◆ Instructions for the task: Print exactly what appears from the line containing "Clavier Mécanique AZERTY" through the final line of the data below, pictures excluded.

◆ Recorded data:
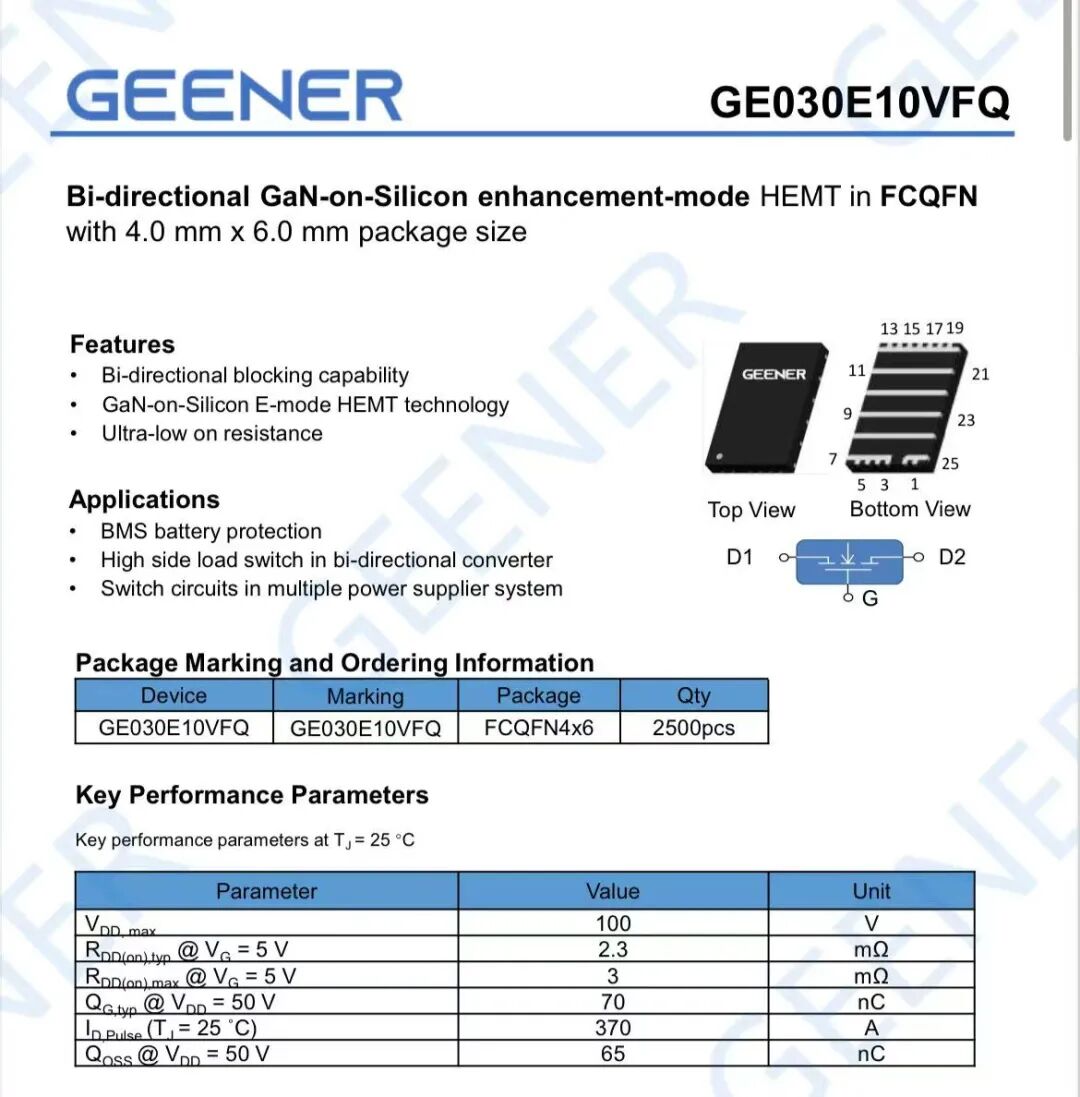 Bảng thông số kỹ thuật chi tiết Datasheet của chip GaN hai chiều Geener GE030E10VFQ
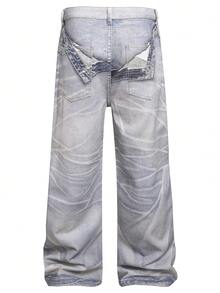 Manfinity Roughcore Quần jeans ống đứng dáng rộng in 3D sang trọng dành cho nam giới, phong cách thường ngày. - Rửa nhẹ - Xem 2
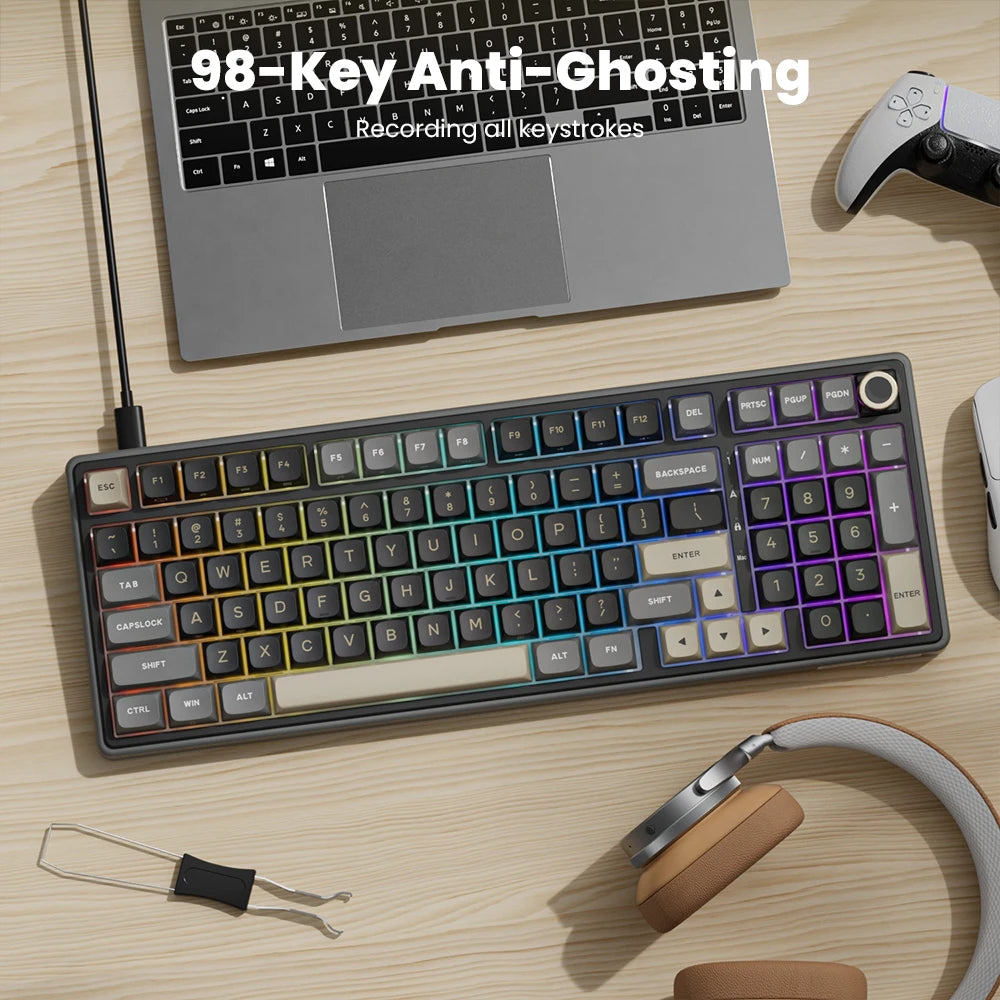Clavier Mécanique AZERTY RK R98 Pro – 98 Touches, Switches Interchangeables, RGB Personnalisable, Tactile & Silencieux, Boutons Enfichables, Touches PBT Premium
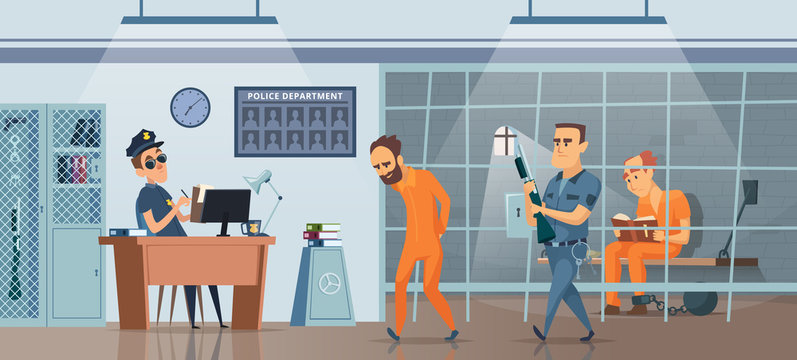 Police department. Male policeman at his work space cabinet and room for prisoners vector picture. Illustration of prison, jailhouse with policeman and jailbird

◆ Answer box:
Clavier Mécanique AZERTY RK R98 Pro – 98 Touches, Switches Interchangeables, RGB Personnalisable, Tactile & Silencieux, Boutons Enfichables, Touches PBT Premium
 Police department. Male policeman at his work space cabinet and room for prisoners vector picture. Illustration of prison, jailhouse with policeman and jailbird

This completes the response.